Thank you for your response. I have not filed for bankruptcy yet, but will need to soon. The LLC was formed with my business partner and had no relationship with the later C Corp which was formed with my 401k rollover. The LLC had obtained an SBA loan that my partner and I both signed personal guarantees on. Our business was failing, we fell behind on payments on the loan and the bank urged us to close so we did. Hence my business partner filed for personal bankruptcy and discharged his debts.

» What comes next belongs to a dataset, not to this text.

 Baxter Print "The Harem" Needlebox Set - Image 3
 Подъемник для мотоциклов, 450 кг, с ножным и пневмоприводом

The C Corp was created thru a 401k rollover of my past employer in which [the company] contends is completely legal and exempt under ERISA law. However, as I read, there are so many blogs saying the assets of the C Corp are not exempt and others that say there are. The C Corp itself has zero debt and is not filing. The "qualified profit sharing plan" stock owns 99% shares and myself and wife own 1% share. My understanding is that it is a separate entity that my wife and I are employees of. Ive talked to lawyers in my area who believe I was scammed by setting this up, I cant see this and other companies doing these plans if they werent legal.

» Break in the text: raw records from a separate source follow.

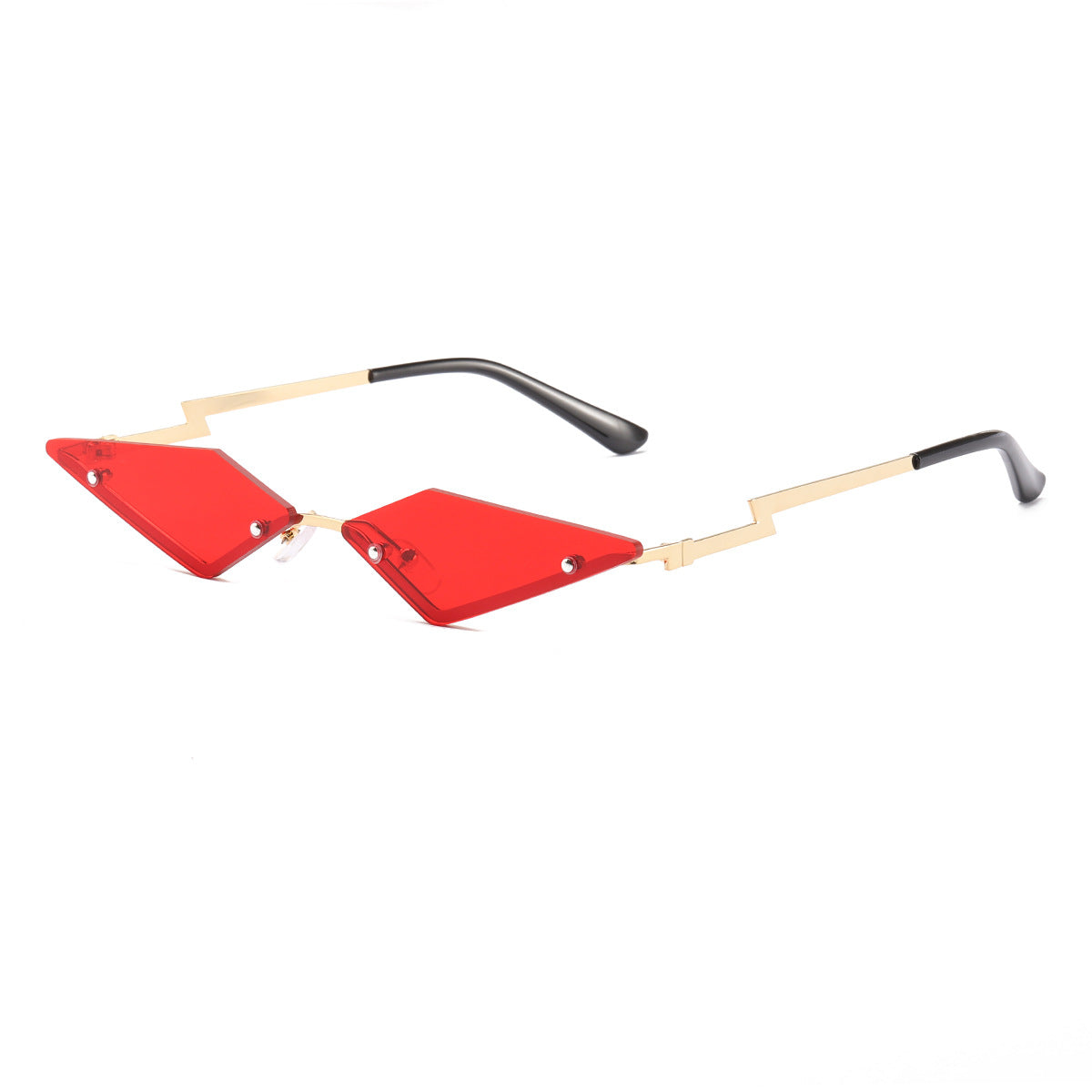 Damen Designer-Sonnenbrille mit futuristischem Rahmen Brehn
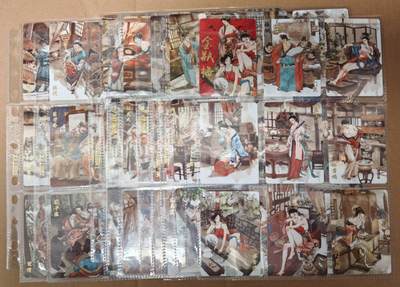 趣卡卡拍No.21期（无佣金免手续费，分享成交有奖） - 【普卡套卡】超吉梦 张导 金瓶梅 普卡套卡70张+卡头（套卡已拆入册）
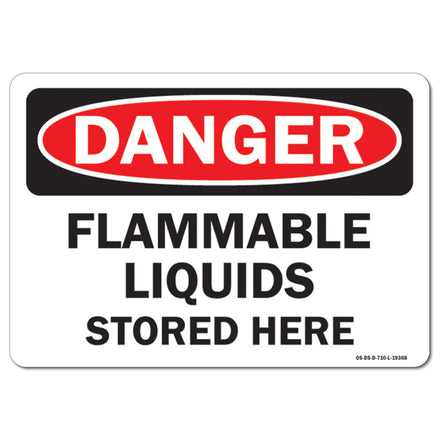 Flammable Liquids Stored Here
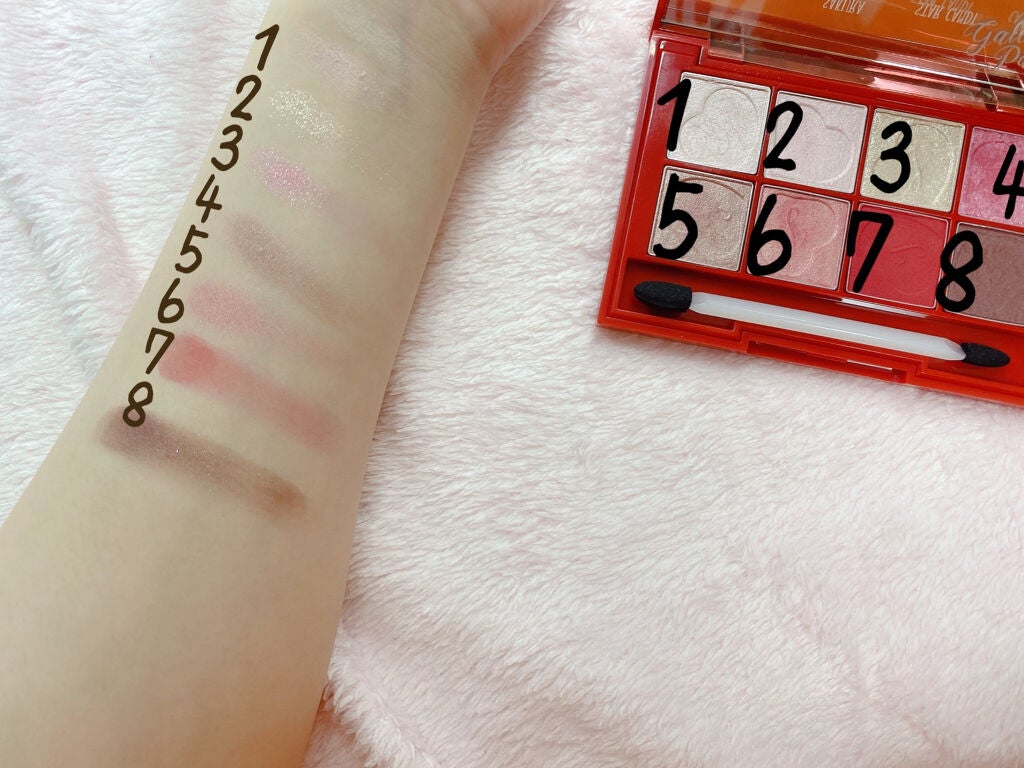 ギャレンタインズパーティー アイシャドウパレット/JILL STUART/アイシャドウパレットを使ったクチコミ(4枚目)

The issue for me is, whether a Bankruptcy Trustee will find the C Corp assets exempt or as personal assets that will be liquidated and sold. I am having trouble finding a TAX/ERISA/BANKRUPTCY lawyer that has knowledge of all 3 as it is apparent that most of the consumer bankruptcy lawyers only want the simple black and white cases and shuttle you through their office like cattle. Not many attorneys are familar with Rollovers for a Business Startup Plan (ROBS)

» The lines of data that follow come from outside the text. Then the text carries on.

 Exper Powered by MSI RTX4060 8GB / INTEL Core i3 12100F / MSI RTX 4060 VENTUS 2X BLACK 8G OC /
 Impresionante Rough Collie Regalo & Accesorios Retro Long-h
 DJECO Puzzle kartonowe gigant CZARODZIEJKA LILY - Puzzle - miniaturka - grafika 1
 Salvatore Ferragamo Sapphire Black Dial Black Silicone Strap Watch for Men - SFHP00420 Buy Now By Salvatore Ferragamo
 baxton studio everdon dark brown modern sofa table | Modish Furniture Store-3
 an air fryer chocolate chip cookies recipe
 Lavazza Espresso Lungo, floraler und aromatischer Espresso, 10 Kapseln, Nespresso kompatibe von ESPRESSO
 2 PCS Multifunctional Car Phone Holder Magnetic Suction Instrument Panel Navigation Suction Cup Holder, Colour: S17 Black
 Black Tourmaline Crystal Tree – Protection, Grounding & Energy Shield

this is an exerpt of some of the stuff I read:
Asset Protection for Owner-Only Plans
Any plan that is classified as ERISA will be protected inside or outside of a bankruptcy proceeding. However, if a retirement plan benefits only the owner of the plan and their spouse, it is not considered to be an ERISA plan and it will not qualify for protection. In a bankruptcy proceeding, owner-only plans are not at risk. If there is no bankruptcy proceeding, the plan will still be protected if non-owner participants are added to the retirement plan. This means that if you add other participants, the plan is no longer owner-only and it will be protected. This is one of the best ways to protect any owner-only retirement plan.